[SUPPLIED INFORMATION Boundary: Start]
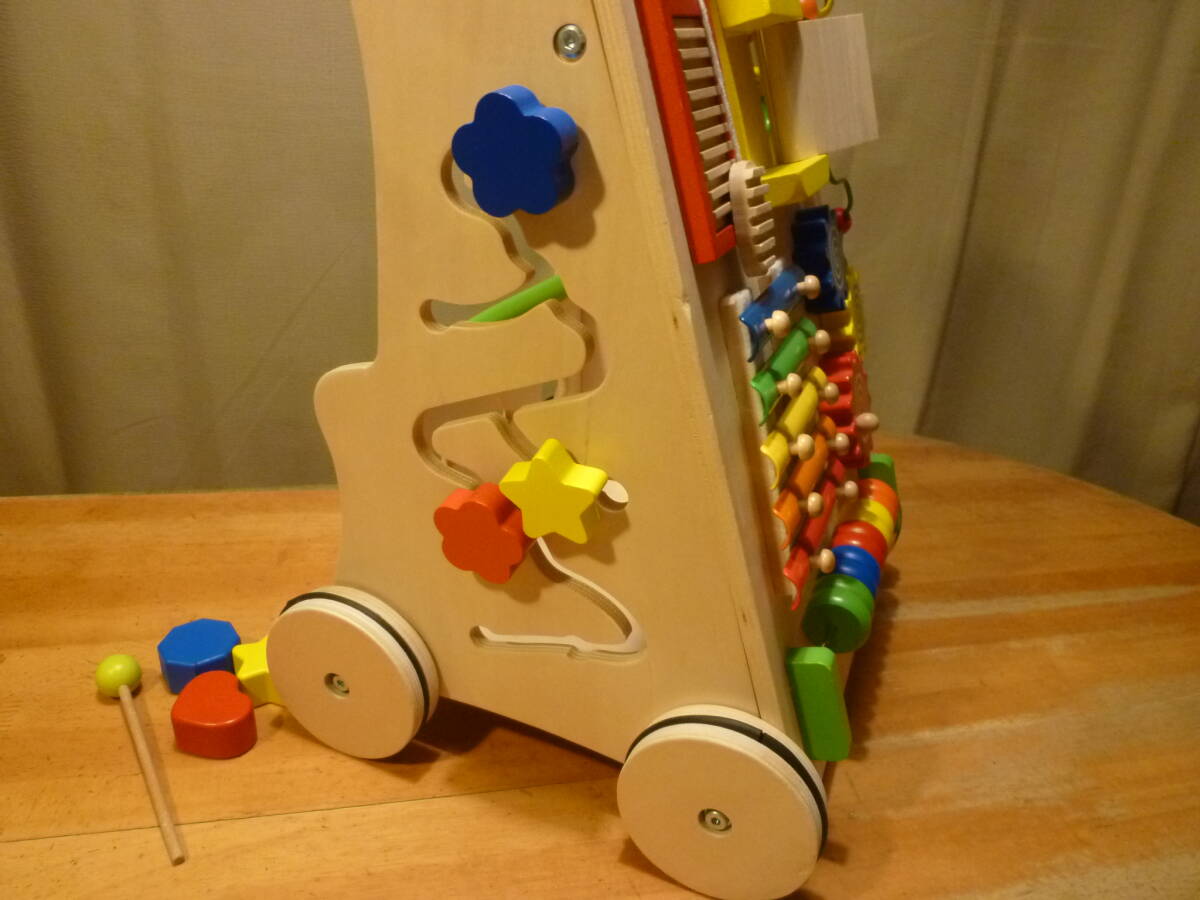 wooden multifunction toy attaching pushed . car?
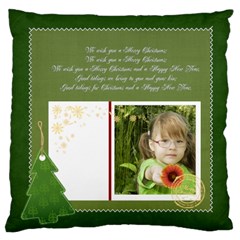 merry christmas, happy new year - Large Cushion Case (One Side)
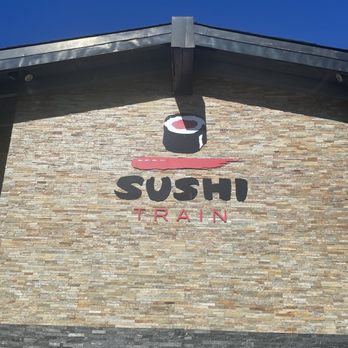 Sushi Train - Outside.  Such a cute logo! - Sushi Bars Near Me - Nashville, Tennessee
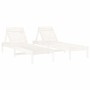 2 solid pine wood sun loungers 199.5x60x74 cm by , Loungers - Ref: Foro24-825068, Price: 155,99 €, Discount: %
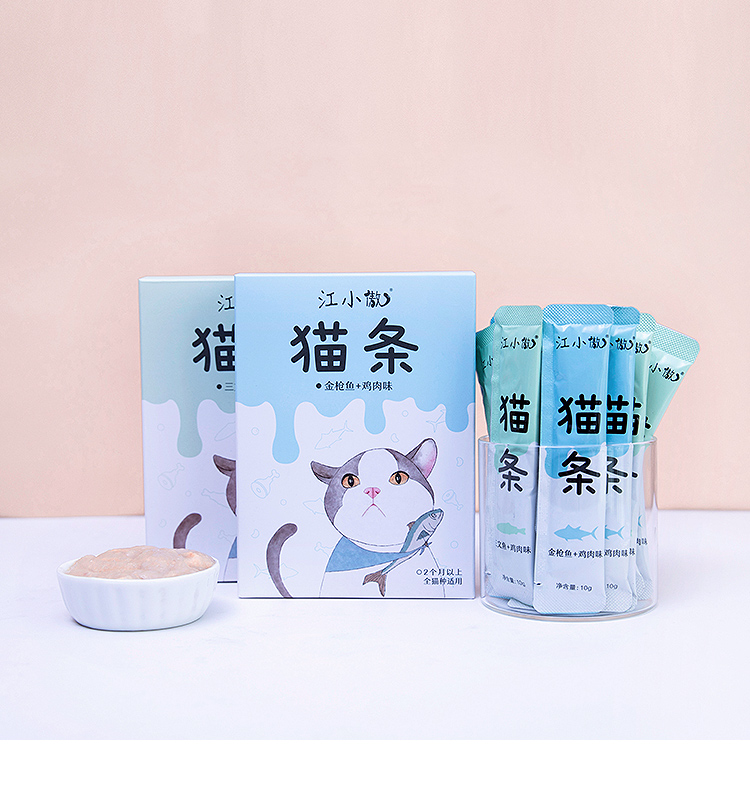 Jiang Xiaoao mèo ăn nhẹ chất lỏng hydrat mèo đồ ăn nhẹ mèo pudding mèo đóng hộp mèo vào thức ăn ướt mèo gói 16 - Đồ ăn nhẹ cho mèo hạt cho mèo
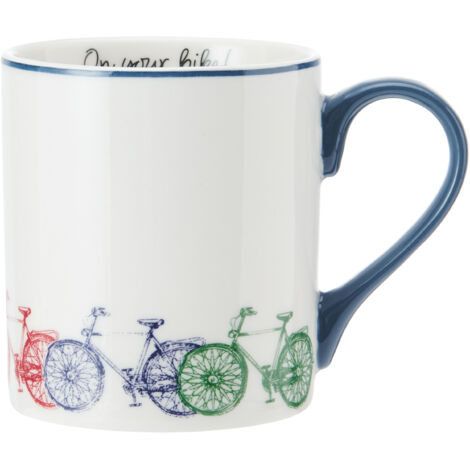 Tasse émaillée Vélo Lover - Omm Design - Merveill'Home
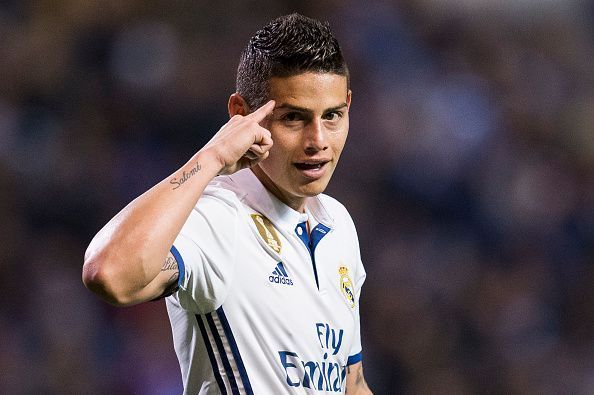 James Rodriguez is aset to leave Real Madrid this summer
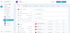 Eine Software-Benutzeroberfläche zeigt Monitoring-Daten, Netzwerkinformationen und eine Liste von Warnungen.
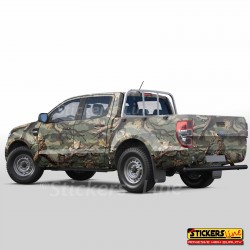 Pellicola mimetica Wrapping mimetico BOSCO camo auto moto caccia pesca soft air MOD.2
[SUPPLIED INFORMATION Boundary: End]
Please repeat the records above word for word, and do not include the pictures.

■ **WRITTEN ANSWER**:
 wooden multifunction toy attaching pushed . car?
 merry christmas, happy new year - Large Cushion Case (One Side)
 Sushi Train - Outside.  Such a cute logo! - Sushi Bars Near Me - Nashville, Tennessee
 2 solid pine wood sun loungers 199.5x60x74 cm by , Loungers - Ref: Foro24-825068, Price: 155,99 €, Discount: %
 Jiang Xiaoao mèo ăn nhẹ chất lỏng hydrat mèo đồ ăn nhẹ mèo pudding mèo đóng hộp mèo vào thức ăn ướt mèo gói 16 - Đồ ăn nhẹ cho mèo hạt cho mèo
 Tasse émaillée Vélo Lover - Omm Design - Merveill'Home
 James Rodriguez is aset to leave Real Madrid this summer
 Eine Software-Benutzeroberfläche zeigt Monitoring-Daten, Netzwerkinformationen und eine Liste von Warnungen.
 Pellicola mimetica Wrapping mimetico BOSCO camo auto moto caccia pesca soft air MOD.2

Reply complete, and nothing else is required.